“Slowly, Whiskeyjack studied each man in his squad. He saw the caring in their eyes, the open offer to the friendship he’d spent years suppressing. All that time pushing them away, pushing everyone away, and the stubborn bastards just kept on coming back.” ~ Steven Erikson, Gardens of the Moon
Gardens of the Moon (Malazan Book of the Fallen #1) by Steven Erikson
Published by Tor, 1999
Re-readability: If the rest of the series holds up, I’ll probably be reading this one again.
Rating: 9 out of 10
Reviewed by Pete
I have heard many things about Steven Erikson’s Malazan Book of the Fallen series, both from friends and from r/Fantasy. Very few people seem to dislike it, and many claim it’s their favorite fantasy series. One thing that absolutely everyone says is that it’s incredibly complicated and that the first book is the roughest of the ten.
If Gardens of the Moon was rough, then I am in for something amazing.
I often struggle to follow complex plots with large casts. That isn’t to say that I don’t like them—sometimes I enjoy a plot that’s a bit harder to grasp. Though the consensus seems to be that Gardens of the Moon is extremely dense and complicated, I didn’t get that feeling. It’s a book with a lot going on, but the well-written characters are distinct, and their individual plots fit together nicely.

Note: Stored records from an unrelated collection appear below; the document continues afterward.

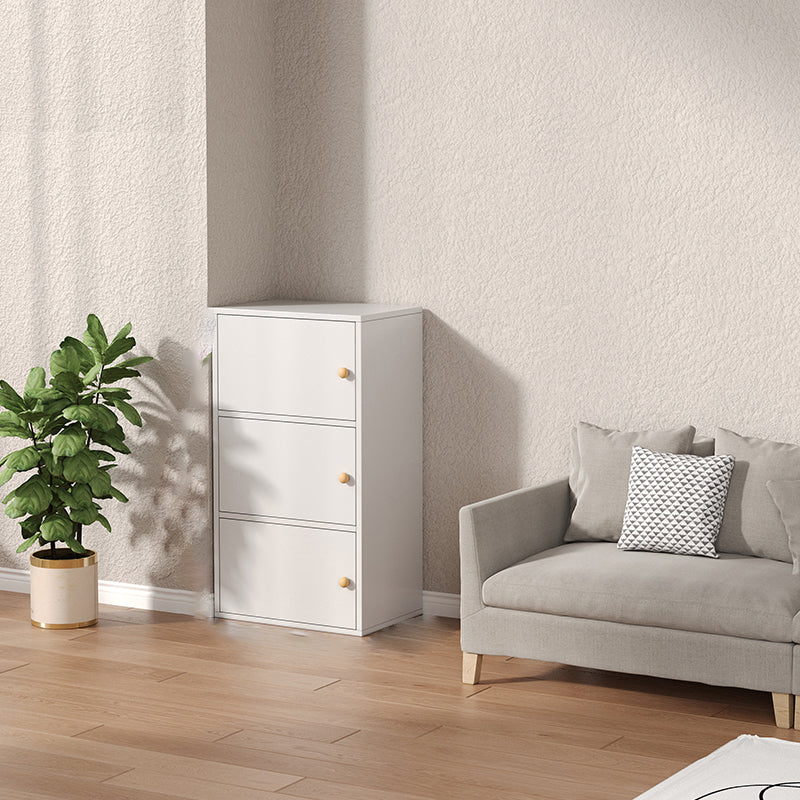 Contemporary Wooden Accent Cabinet Rectangle Storage Cabinet with Door 17"L x 12"W x 35"H White Clearhalo 'Cabinets & Chests' 'cabinets_chests' 'furn' 'furn_cabinets_chests' 'Furniture' 'Living Room Furniture' 6994808
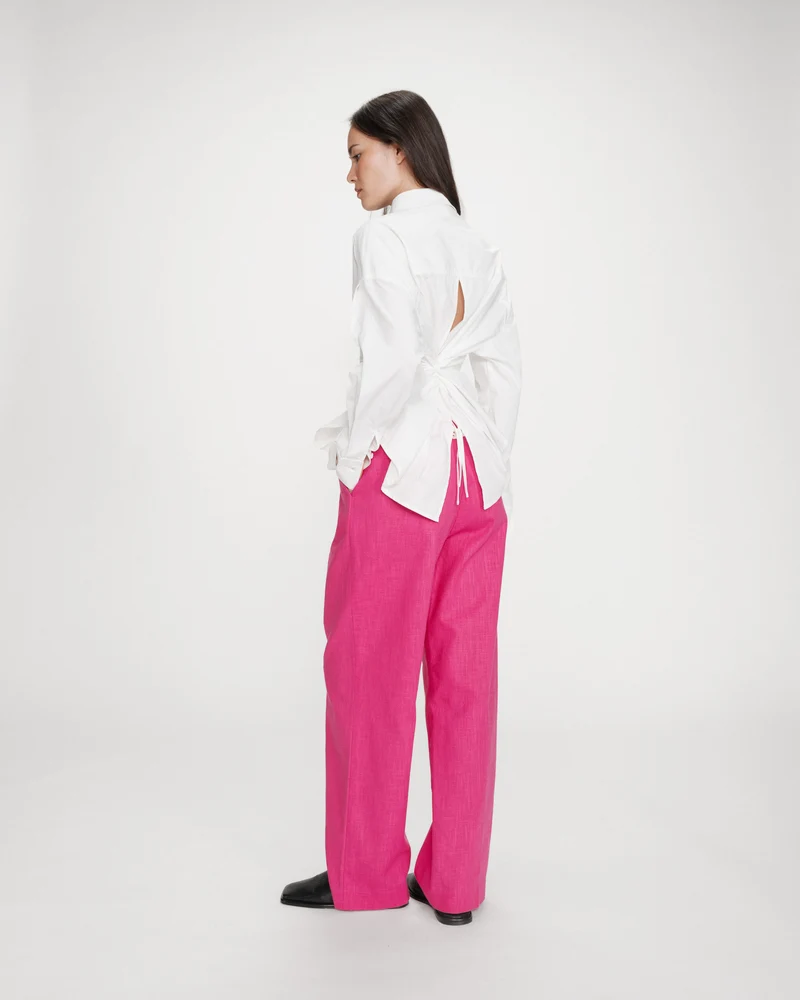 Pantalon tailleur à plis en lin et coton fuchsia Vanelis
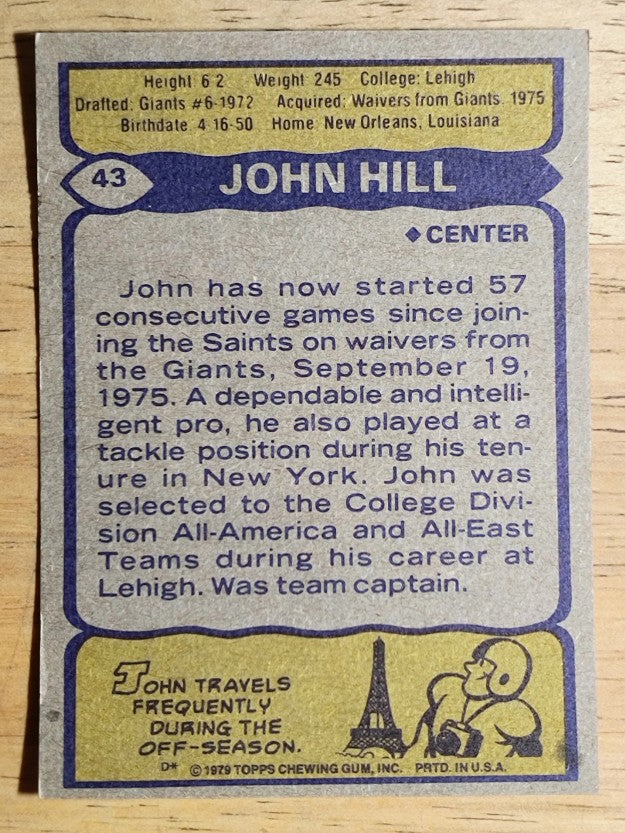 1979 Topps #43 John Hill (NM)
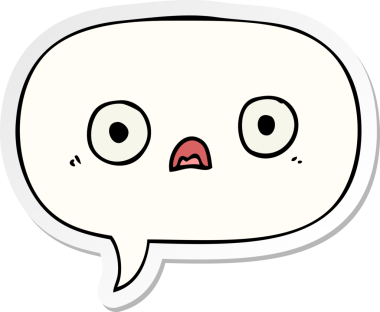 Bir insan tarafından çizilmiş konuşma kabarcığı çıkartmalı şirin çizgi film yüzü.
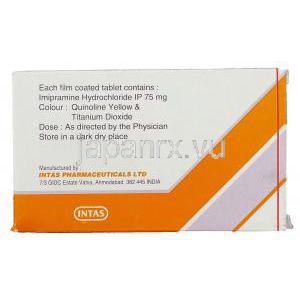 デプソル, イミプラミン塩酸塩 75mg 錠 （Intas） 箱裏面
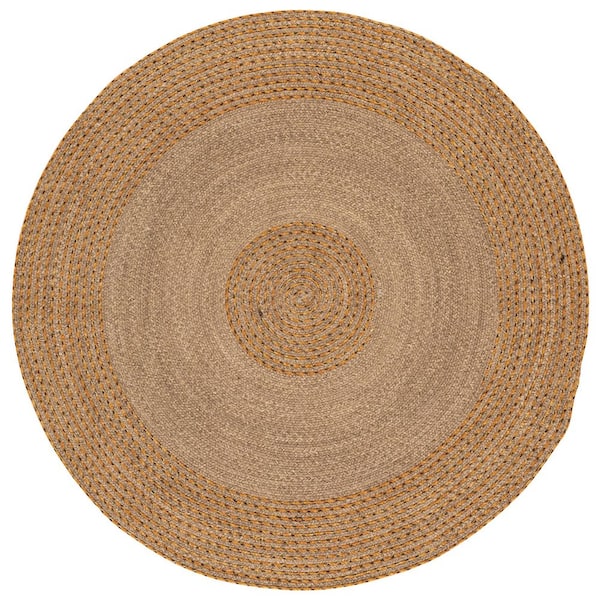 Braided 5 ft. x 5 ft. Round Natural/Gold Concentric Border Striped Area Rug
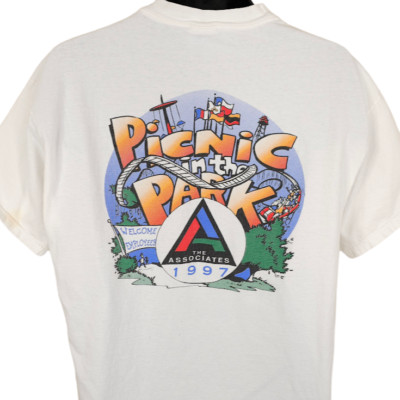 Vintage The Associates T Shirt Mens Size XL White 90s Picnic In The Park 1997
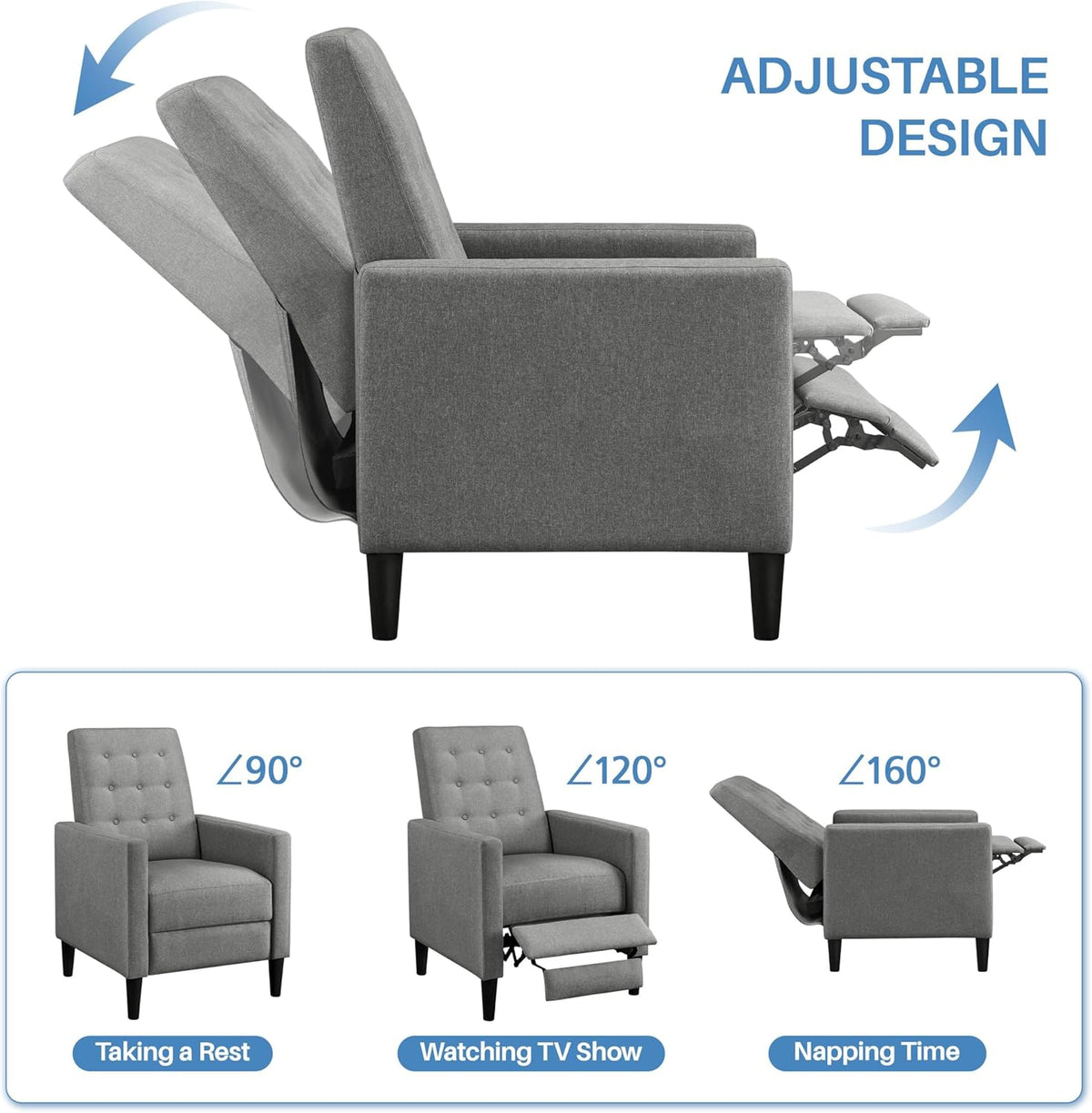 Yaheetech Fabric Recliner Chair Mid-Century Modern Recliner Adjustable Single Recliner Sofa with Thicker Seat Cushion Tufted Upholstered Sofa with Pocket Spring for Living Room Bedroom Gray Set of 2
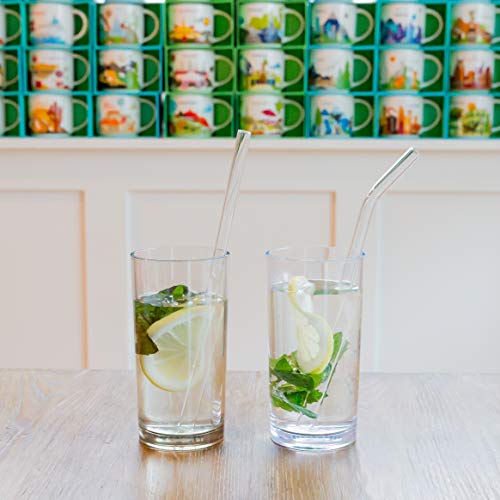 Youngever Reusable Glass Straws Assortment, 9 inches, Eco Friendly with Brush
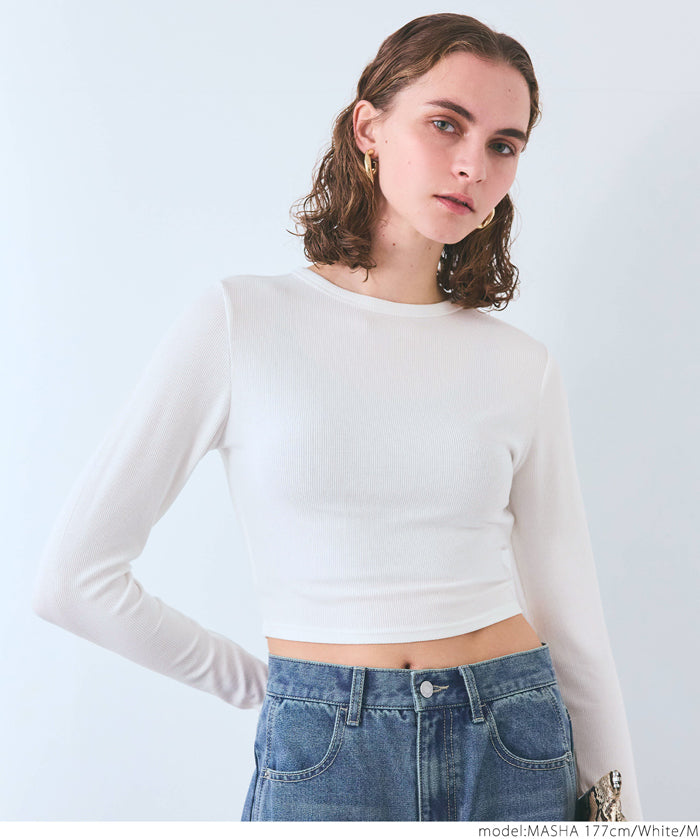 Minimalist Thin Ribbed Cropped Long Sleeve Top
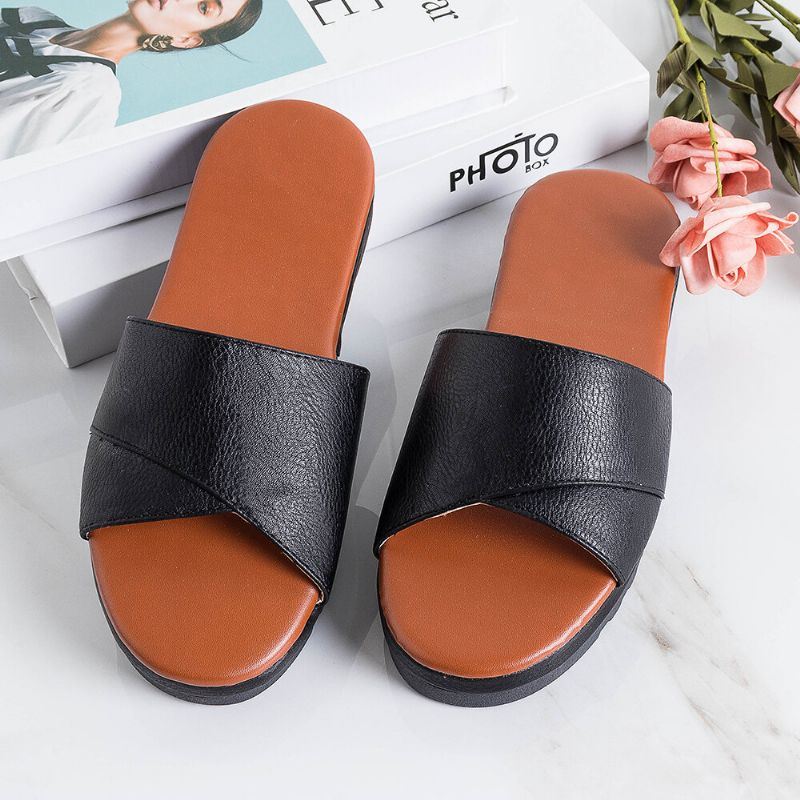 Dames Casual Wedges Strand Slide Sandalen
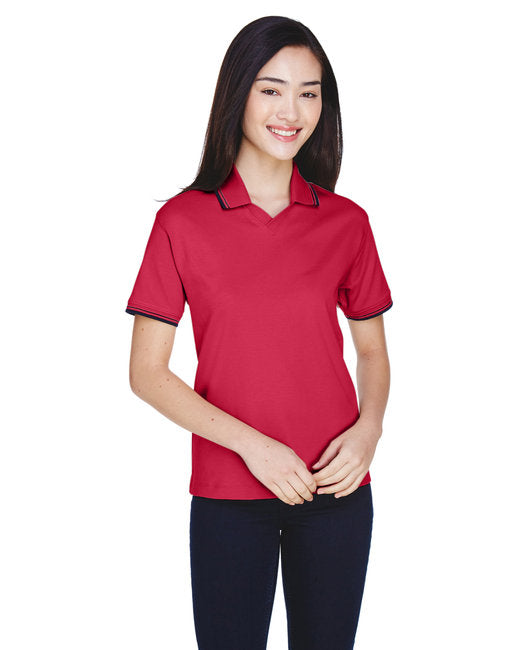 D140W Devon & Jones Ladies' Tipped Perfect Pima Interlock Polo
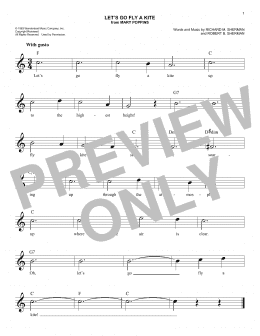 page one of Let's Go Fly A Kite (from Mary Poppins) (Lead Sheet / Fake Book)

Gardens of the Moon begins with a world in turmoil. The Malazan Empire has spread itself thin in its occupation of the former Free Cities of Genabackis. A group known as the Bridgeburners, soldiers of the Empress, have been reduced from hundreds to a few dozen in a massive siege. The Bridgeburners were loyal to the former emperor, and the Empress is sending some of them on what may be a suicide mission to the Free City of Darujhistan.
There are too many characters to get into the individual arcs, but my favorites were Paran and Tattersail. Tattersail is a powerful sorceress whose place in this changing world is unclear. Paran is the recently appointed captain of the Bridgeburners who manages to be an endearing hero despite the world’s brutality. Though he doesn’t realize it at first, his position is crucial to the plans of the gods, and he soon finds himself at the mercy of strange forces.
This is epic fantasy at its most epic. Gods make regular appearances, and deadly beings from thousands of years ago are returned to life to do the bidding of others. There are somewhere between three and eight unique factions at war—it’s hard to keep track. This book reads as if it were the last book in the series, not the first. The characters know each other well and have deep backstories, and everything escalates at an alarming speed.
I’ve never read a fantasy anything like this one, but I enjoyed every page of it. Excellent characters, rich worldbuilding, and a breakneck plot—I’ll be picking up the sequel as soon as I can.